## Task details
Having located the line with "Map image of the property - 20143 Baltar St", repeat it and all remaining lines of the records exactly. Pictures do not belong in the answer.

## Exercise materials
######
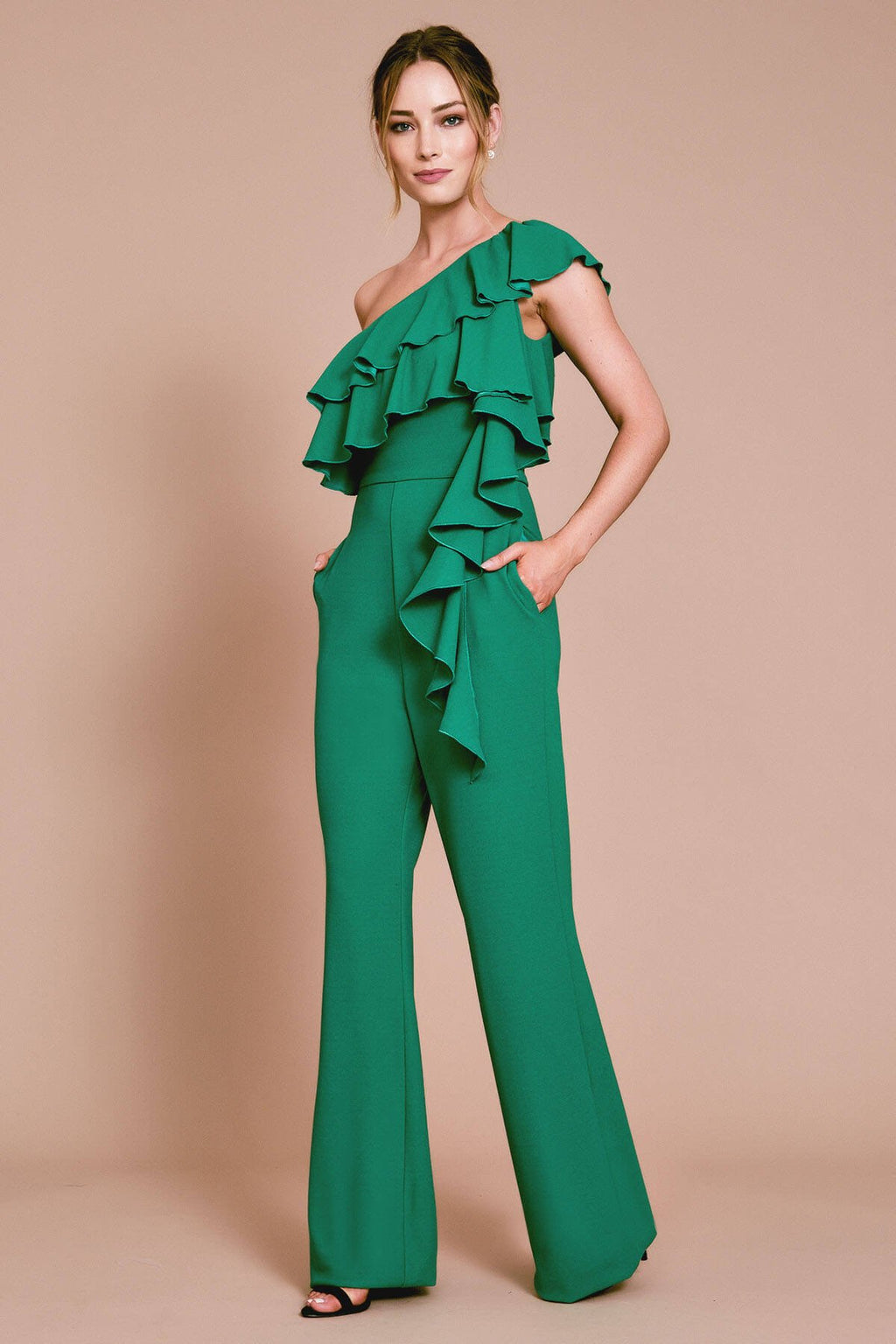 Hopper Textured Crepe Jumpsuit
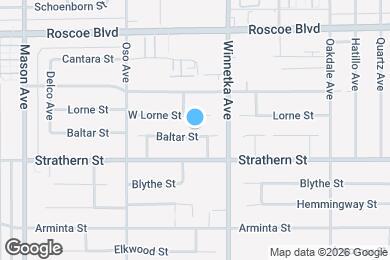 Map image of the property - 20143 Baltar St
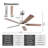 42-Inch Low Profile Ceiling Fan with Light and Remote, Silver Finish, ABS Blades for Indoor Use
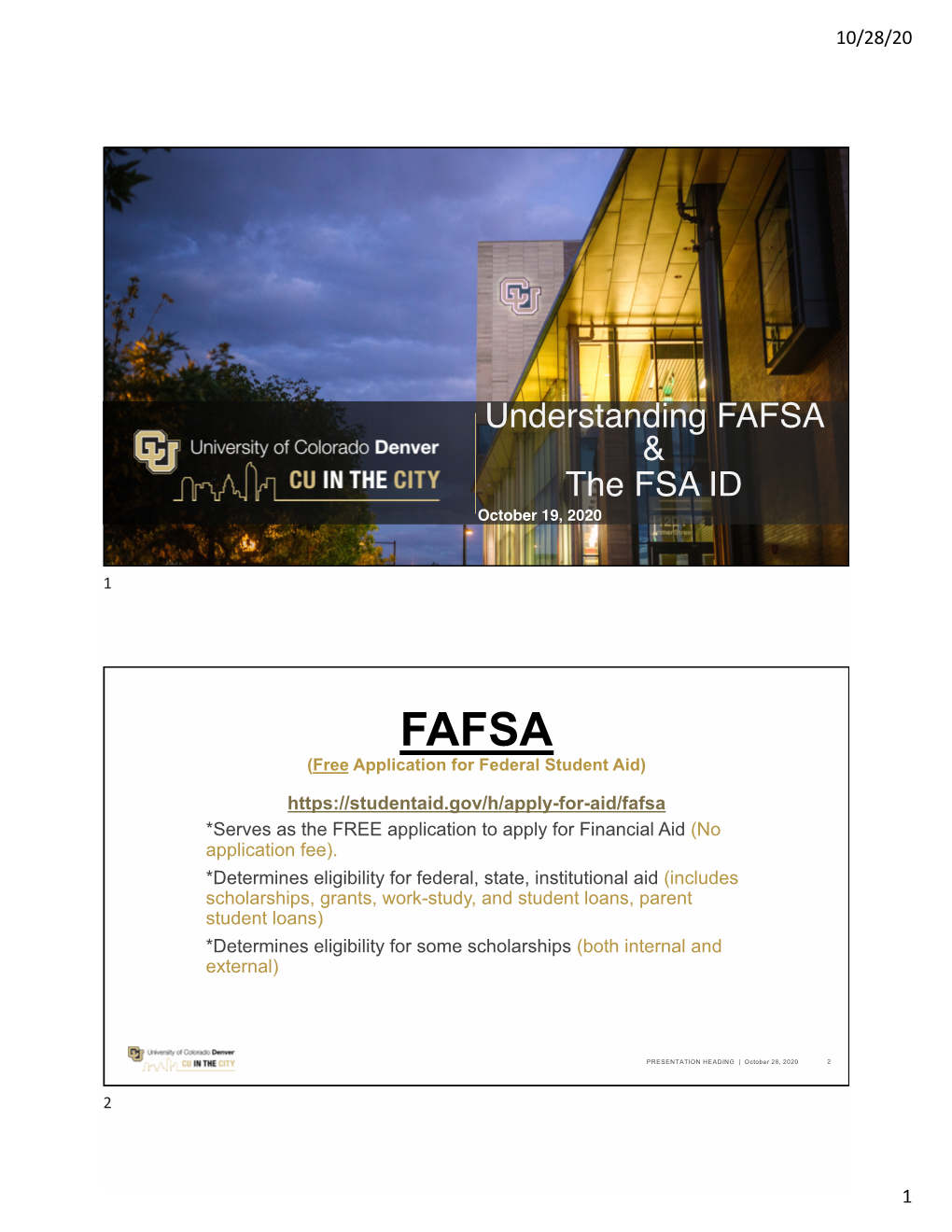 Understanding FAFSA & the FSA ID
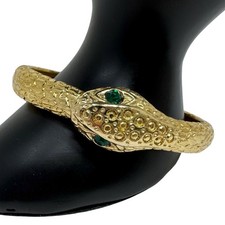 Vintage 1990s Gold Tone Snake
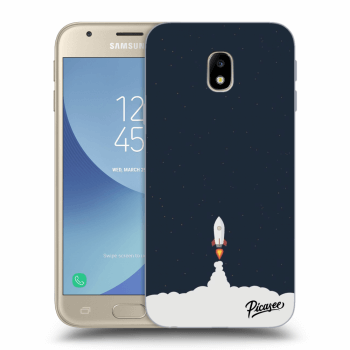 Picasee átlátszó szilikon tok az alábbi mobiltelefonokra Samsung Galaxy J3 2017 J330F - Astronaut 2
######
## Result below
 Map image of the property - 20143 Baltar St
 42-Inch Low Profile Ceiling Fan with Light and Remote, Silver Finish, ABS Blades for Indoor Use
 Understanding FAFSA & the FSA ID
 Vintage 1990s Gold Tone Snake
 Picasee átlátszó szilikon tok az alábbi mobiltelefonokra Samsung Galaxy J3 2017 J330F - Astronaut 2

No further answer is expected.